Exact copy, pictures omitted: the line holding "For Sale: $159,900" and every line after it down to the end of the entries.

- _Recorded data_:
★ ★ ★
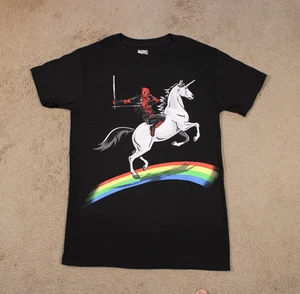 Camiseta Marvel Deadpool Riding Unicorn Rainbow Gráfico (SM) Negra Licencia Nueva Sin Etiquetas - Imagen 1 de 5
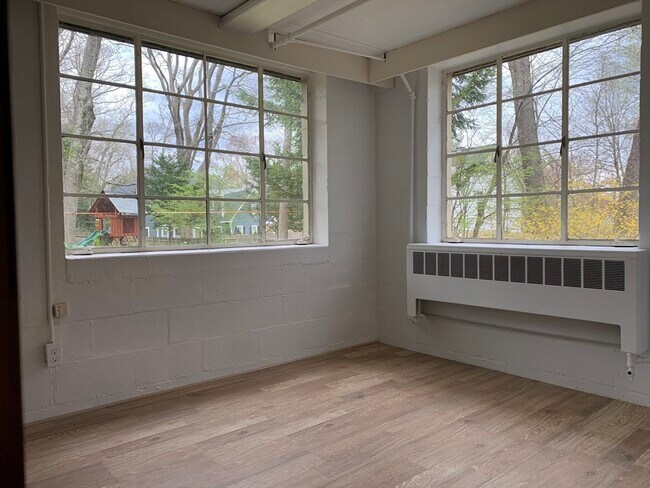 Building Photo - 1 Balfour St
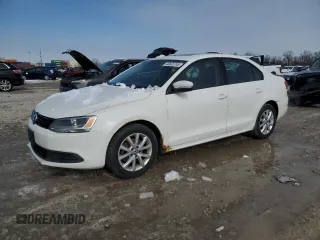 2012 Volkswagen Jetta SE с VIN 3VWDX7AJ0CM341569, выставлен на аукционе Copart как лот 45635745 с пробегом 187 778 миль миль и Списание • Salvage title. История ставок и продаж доступна на DreamBid. Изображение 1.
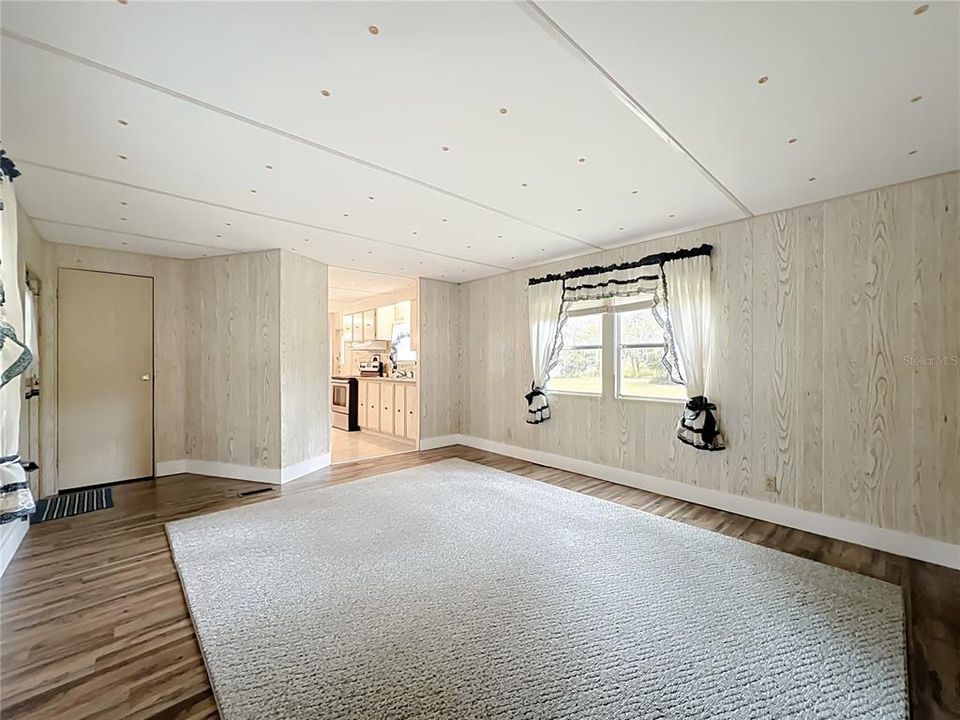 For Sale: $159,900 (2 beds, 1 baths, 840 Square Feet)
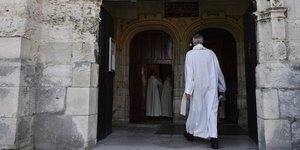 Απάτησε τον σύζυγό της με ιερέα και το πλήρωσε (Φωτογραφία αρχείου: ΑΠΕ/ EPA/JULIEN DE ROSA)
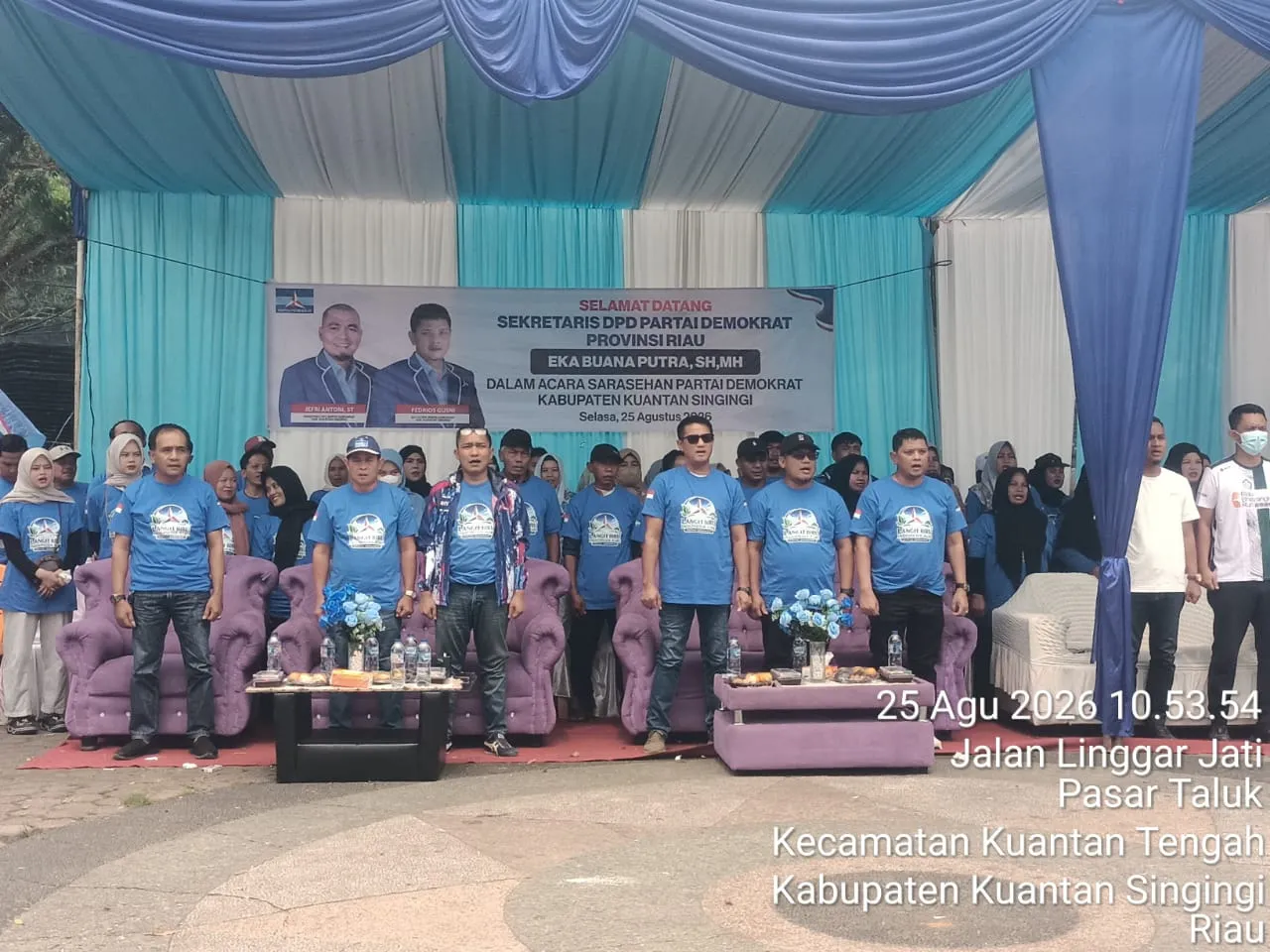 DPC Demokrat Kuansing Gelar Action 'Langit Biru', Bersihkan Sampah Pasca-Pacu Jalur di Tepian Narosa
★ ★ ★
- _OUTPUT OF THE TASK_:
 For Sale: $159,900 (2 beds, 1 baths, 840 Square Feet)
 Απάτησε τον σύζυγό της με ιερέα και το πλήρωσε (Φωτογραφία αρχείου: ΑΠΕ/ EPA/JULIEN DE ROSA)
 DPC Demokrat Kuansing Gelar Action 'Langit Biru', Bersihkan Sampah Pasca-Pacu Jalur di Tepian Narosa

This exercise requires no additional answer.